The equipment, technology, and support you’ll need to provide IVR depends on the complexity of the intended system. The following items represent the basic elements your company will need.
Telephony infrastructure encompasses your basic communication equipment such as the telephone lines, call-switching equipment, and automatic call distributors (ACDs). IVR telephone lines can be standard analog, digital T1, or integrated services digital network (ISDN) lines. These lines are connected to the IVR platform and to call-switching equipment such as Telco switches, Voice-over-IP gateways, corporate PBXs, or the call centers themselves via an ACD.
IVR platforms constitute the server and operating-system hardware and software platforms on which IVR applications run. At the minimum, IVR platforms allow you to record and play prompts and obtain touch-tone input. They may also allow you to recognize spoken input (voice recognition), translate text into spoken output (TTS), and transfer IVR calls to any telephone or call-center representative.
IVR applications are the software programs that manage and respond to calls on IVR platforms.
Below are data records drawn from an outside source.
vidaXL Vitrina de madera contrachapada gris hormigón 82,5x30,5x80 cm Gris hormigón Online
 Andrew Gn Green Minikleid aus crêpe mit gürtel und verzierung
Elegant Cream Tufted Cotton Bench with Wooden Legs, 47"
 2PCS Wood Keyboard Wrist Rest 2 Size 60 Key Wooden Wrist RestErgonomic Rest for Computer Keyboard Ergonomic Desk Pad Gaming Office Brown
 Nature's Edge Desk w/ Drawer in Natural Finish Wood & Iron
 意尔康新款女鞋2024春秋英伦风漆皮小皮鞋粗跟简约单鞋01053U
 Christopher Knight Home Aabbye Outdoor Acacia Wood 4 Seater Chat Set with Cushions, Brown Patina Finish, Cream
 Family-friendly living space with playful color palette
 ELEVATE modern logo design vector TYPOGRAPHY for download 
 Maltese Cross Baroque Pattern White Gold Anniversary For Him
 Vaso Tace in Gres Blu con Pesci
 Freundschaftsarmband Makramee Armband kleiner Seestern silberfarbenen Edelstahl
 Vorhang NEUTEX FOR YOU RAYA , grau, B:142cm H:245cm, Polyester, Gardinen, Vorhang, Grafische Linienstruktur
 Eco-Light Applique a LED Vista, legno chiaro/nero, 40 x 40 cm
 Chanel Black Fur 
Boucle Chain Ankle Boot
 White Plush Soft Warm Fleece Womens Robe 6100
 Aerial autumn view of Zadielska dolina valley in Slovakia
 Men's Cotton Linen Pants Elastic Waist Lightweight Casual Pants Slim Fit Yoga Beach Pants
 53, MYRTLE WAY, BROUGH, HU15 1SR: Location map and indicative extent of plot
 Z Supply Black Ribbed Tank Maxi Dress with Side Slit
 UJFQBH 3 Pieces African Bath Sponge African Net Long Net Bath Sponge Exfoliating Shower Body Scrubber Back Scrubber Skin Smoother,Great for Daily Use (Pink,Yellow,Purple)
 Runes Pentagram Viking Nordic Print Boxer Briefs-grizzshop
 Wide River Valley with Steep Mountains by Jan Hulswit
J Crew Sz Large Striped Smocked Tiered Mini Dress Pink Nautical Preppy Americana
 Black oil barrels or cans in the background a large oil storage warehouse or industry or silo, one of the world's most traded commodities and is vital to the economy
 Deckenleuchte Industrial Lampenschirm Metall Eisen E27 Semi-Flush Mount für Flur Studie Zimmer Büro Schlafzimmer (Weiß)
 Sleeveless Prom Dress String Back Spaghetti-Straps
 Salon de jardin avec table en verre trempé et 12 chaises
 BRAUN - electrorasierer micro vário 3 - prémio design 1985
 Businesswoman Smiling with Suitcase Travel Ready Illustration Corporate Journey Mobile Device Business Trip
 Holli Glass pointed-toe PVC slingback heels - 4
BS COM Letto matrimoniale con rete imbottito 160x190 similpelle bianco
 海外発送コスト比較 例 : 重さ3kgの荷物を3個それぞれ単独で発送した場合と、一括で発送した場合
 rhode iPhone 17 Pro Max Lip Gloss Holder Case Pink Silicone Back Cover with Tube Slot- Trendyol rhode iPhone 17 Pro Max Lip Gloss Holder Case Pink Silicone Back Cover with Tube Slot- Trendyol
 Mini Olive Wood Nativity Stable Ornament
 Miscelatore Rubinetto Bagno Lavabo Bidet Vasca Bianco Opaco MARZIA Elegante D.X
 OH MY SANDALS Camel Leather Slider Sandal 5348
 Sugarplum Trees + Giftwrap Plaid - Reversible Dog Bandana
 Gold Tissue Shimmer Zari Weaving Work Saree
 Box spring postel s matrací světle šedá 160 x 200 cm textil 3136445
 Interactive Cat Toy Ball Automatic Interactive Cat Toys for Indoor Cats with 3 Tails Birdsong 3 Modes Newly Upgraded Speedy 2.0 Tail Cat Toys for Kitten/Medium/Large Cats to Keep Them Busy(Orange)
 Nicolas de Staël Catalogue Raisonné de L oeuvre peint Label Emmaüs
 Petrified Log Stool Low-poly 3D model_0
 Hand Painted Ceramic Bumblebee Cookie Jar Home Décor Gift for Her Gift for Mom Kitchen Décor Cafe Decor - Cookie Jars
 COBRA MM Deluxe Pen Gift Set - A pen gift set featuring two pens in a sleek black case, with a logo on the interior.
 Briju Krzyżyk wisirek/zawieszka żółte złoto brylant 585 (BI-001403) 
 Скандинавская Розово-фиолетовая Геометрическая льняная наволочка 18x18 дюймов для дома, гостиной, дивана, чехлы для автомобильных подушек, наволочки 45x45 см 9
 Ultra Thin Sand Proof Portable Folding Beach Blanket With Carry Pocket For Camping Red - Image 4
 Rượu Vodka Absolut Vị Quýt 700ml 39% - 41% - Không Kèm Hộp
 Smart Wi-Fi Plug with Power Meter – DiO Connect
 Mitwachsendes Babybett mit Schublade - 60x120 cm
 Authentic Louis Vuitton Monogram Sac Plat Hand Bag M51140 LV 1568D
These applications direct the IVR platform to prompt callers, collect data, and transfer calls. Some IVR software can search existing databases (see below) to provide the specific information needed during the course of a call. Such programs can be designed by the company itself, IVR-solution developers, or vendors who sell generic IVR applications.
Back-end servers house the enterprise’s existing data. Back-end servers manage databases, mainframes, Java (or other application) servers, and third-party information.
IVR consultants are the experts who specialize in IVR technology and can help you with problems. An IVR consulting team should include employees who have firsthand experience with IVR integration, configuration, reliability and redundancy, software development, and solution management.